U.S. Pat. Nos. 3,838,646 and 3,874,298 show use of a water and oil emulsion as a lubricant to reduce noise. The spray of the lubricant in the air and/or its soaking in the ground, could be objectionable on safety and environmental grounds.
It is, therefore, the object of the present invention to provide an improved brake shoe structure that, through a unique combination of specific features, achieves noise reduction during retardation while maintaining or exhibiting other desirable aspects sought in such a structure. These aspects include adequate service life, absence of breakage, prevention of derailment, reduced shock and vibration, and ease of installation.

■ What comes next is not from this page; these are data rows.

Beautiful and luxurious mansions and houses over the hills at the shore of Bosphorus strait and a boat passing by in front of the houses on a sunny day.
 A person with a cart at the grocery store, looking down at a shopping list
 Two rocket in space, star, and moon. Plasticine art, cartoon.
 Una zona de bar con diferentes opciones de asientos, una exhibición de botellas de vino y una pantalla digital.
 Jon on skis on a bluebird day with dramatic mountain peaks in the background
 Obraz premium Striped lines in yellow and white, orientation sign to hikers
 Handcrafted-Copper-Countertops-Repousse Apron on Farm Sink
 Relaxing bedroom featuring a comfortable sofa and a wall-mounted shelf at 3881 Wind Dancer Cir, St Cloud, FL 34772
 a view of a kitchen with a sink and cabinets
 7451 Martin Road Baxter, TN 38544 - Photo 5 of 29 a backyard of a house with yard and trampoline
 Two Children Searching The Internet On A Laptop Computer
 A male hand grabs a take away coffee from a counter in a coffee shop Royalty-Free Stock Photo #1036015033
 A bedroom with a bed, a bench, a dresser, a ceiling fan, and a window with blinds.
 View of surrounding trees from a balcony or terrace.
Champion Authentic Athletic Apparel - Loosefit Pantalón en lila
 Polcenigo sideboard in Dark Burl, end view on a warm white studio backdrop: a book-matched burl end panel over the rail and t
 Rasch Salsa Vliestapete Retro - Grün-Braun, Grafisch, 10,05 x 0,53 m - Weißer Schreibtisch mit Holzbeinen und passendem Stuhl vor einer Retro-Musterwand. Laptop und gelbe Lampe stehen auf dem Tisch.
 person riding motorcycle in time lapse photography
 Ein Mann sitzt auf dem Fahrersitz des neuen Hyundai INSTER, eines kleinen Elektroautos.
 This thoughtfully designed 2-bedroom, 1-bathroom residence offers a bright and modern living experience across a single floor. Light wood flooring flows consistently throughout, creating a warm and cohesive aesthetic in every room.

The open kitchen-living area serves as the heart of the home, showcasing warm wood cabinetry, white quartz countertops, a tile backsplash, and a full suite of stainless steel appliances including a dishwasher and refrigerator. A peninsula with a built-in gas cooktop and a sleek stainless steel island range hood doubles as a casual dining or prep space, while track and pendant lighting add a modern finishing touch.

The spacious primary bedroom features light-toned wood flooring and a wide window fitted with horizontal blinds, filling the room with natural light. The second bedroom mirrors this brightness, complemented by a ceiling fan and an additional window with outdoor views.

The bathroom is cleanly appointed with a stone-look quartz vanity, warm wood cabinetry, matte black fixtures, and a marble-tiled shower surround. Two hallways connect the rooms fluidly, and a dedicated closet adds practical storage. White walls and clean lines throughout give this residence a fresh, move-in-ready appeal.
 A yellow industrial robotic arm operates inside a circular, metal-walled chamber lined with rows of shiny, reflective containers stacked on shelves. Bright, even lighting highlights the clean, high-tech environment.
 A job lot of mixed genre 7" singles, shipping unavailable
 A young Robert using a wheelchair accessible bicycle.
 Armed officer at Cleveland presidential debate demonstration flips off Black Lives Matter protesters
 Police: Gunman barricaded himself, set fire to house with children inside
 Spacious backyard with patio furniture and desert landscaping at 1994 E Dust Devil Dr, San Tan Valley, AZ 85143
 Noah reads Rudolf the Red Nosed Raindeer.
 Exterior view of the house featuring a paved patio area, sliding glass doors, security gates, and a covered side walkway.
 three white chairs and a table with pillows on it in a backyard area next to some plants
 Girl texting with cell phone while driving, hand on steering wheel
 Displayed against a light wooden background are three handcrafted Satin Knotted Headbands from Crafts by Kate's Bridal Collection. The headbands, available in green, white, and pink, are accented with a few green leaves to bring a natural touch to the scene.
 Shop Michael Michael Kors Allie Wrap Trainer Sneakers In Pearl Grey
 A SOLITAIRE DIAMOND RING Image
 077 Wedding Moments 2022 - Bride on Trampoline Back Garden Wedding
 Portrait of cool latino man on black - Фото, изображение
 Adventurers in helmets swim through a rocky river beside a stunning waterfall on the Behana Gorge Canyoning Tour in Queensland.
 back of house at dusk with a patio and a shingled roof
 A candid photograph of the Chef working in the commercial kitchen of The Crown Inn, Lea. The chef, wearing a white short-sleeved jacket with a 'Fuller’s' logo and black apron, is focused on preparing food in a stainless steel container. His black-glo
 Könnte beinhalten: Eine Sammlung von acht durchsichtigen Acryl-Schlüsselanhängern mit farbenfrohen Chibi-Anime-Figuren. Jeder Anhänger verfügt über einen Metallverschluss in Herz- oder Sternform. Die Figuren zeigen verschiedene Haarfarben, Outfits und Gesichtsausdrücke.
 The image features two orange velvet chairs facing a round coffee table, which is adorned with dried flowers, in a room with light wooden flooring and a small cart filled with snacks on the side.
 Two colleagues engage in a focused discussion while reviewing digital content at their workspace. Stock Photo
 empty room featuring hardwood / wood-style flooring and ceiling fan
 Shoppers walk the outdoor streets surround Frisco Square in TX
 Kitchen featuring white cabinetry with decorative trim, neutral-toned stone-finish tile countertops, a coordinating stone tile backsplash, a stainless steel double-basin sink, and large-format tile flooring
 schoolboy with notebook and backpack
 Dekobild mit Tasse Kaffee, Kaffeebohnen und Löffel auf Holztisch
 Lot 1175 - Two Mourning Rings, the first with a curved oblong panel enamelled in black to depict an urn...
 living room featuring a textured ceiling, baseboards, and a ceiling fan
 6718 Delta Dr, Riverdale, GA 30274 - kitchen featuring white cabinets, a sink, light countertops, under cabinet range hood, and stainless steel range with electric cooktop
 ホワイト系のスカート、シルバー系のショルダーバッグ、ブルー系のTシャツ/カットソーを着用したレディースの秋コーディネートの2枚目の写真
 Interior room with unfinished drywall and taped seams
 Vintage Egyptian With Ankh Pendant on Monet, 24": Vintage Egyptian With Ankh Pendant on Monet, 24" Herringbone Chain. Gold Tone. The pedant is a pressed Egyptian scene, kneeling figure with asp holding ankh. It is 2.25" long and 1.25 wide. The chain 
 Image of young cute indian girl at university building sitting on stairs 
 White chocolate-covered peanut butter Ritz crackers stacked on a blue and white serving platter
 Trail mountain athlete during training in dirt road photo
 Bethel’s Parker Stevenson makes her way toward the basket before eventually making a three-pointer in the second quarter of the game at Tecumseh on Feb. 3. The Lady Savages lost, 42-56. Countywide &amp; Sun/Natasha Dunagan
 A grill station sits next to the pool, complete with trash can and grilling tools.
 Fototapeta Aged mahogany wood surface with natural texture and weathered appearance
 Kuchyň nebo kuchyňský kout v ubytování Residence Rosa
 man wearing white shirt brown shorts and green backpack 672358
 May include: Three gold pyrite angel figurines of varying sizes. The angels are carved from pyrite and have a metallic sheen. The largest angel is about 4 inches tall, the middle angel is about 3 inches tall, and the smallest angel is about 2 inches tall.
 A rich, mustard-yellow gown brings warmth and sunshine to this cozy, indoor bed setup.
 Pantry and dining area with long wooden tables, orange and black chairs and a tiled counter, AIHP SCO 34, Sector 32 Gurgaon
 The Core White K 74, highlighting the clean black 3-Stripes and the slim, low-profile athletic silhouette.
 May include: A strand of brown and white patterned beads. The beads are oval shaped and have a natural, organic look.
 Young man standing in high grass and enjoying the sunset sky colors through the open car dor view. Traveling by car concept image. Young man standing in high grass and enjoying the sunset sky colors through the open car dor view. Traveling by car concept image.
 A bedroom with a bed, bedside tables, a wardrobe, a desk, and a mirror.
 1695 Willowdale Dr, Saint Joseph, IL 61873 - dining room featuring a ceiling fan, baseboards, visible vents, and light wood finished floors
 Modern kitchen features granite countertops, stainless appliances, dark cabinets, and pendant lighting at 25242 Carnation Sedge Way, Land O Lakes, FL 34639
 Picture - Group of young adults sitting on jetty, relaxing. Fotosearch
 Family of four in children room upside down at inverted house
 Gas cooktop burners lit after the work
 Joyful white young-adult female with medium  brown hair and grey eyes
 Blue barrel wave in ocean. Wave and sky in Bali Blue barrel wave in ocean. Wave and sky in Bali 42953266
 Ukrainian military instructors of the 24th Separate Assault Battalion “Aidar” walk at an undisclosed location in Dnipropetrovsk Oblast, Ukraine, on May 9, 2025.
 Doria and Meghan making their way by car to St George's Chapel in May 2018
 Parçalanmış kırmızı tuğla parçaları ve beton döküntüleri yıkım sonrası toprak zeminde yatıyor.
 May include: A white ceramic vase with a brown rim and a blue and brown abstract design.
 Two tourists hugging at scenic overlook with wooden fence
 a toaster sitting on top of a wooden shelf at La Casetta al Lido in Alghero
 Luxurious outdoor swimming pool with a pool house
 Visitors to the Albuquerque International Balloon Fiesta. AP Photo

Briefly, the improved brake shoe structure includes a series of alternating long brake shoes and short brake shoes mountable on a plurality of adjacent brake beams arranged in tandem in the retarder. The length of the long brake shoe is such that the shoe symmetrically straddles two adjacent brake beams. The length of the short brake shoe is such that the shoe occupies the spacing on the brake beam between two long brake shoes. The long brake shoes are affixable to each of the adjacent brake beams at at least two points. This insures that the brake shoe is adequately supported across the two brake beams and avoids the breakage of brake shoes heretofore encountered due to shear or other forces. The use of alternating long brake shoes and short brake shoes also facilitates installation of the brake shoes in the retarder by providing lighter weight components, as compared with conventional brake shoes. Typically the long brake shoes are less than twice as long as the short brake shoes.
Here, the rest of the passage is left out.